Westmont Magazine Faculty Features and Professional Highlights
The Sullivan Goss Gallery in downtown Santa Barbara— arguably the top gallery in Santa Barbara for new artworks— recently sponsored an exhibit of work by Westmont art professors. Mentors and Makers: The Artists of Westmont College featured each of our full-time studio artists—SCOTT ANDERSON, NATHAN HUFF, and MEAGAN STIRLING—and work by CHRIS RUPP, collections manager, and JAMES DALY and SOMMER ROMAN. In their statement about the exhibit, the curators wrote, “The art department at Westmont College has always had an outsized influence on the art scene of the region, but tucked away in its bucolic Montecito campus, it can be easy to overlook how much concentrated talent is found there. Westmont’s arts faculty consists of some of the most intriguing, adventurous, and distinct artists working in and around Santa Barbara, though their work is making waves over a much larger area.” Along with finishing his seascapes for the new show, Scott Anderson contributed interior illustrations for the December editions of MAD Magazine and a portrait of the musician Dave Matthews for Seattle Met.
“Skies and Schisms 1” by Nathan Huff
The Santa Barbara Museum of Art has purchased another one of Huff’s pieces in the shows
“Wave 3” by Scott Anderson
ANDREA GURNEY, professor of psychology, has published a book, “Reimagining Your Love Story: Biblical and Psychological Practices for Healthy Relationships” (Kregel Publications, 2019). She offers perspective and guidance on how to love without fear.
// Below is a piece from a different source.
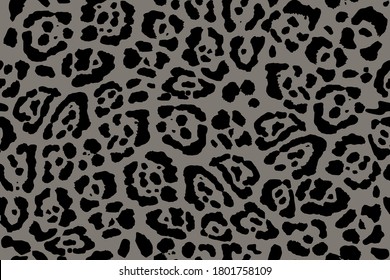 Leopard print. Trendy seamless vector print. The texture of the animals. Jaguar spots on a grey background. Imitation of cheetah skin painted on clothes or fabric, modern textile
CARMEN MCCAIN, assistant professor of English, and co-author Brandon Kendhammer of Ohio University have published “Boko Haram,” part of the Ohio Short Histories of Africa Series. The volume recounts Boko Haram’s fierce, decade-long war in Nigeria, discussing the group’s 2014 abduction of 276 girls in Chibok and the international outrage about it. A social history, the book explores its topic through journalism, literature, film and the music made by people close to the events. Prior to coming to Westmont, McCain taught at the University of Jos in Nigeria and served as a journalist for a Nigerian newspaper.
SERAH SHANI, assistant professor of anthropology, has published a book, “African Immigrant Families in the United States: Transnational Lives and Schooling” (Lexington Books, a division of Rowan & Littlefield.) The book describes how Sub-Saharan immigrants have flourished, providing a remarkable model of social mobility and advancement through education. She analyzes the socioeconomic and cultural mechanisms behind their success. Specifically, she explores the dynamics of Ghanaian communities and the complex relationship between class, beliefs, and cultural practices. So much political discourse on immigration now focuses on assimilation, but Shani describes how immigrants lead transnational lives and maintain hyphenated identities, often belonging to multiple networks and contributing to the wellbeing of several communities around the globe.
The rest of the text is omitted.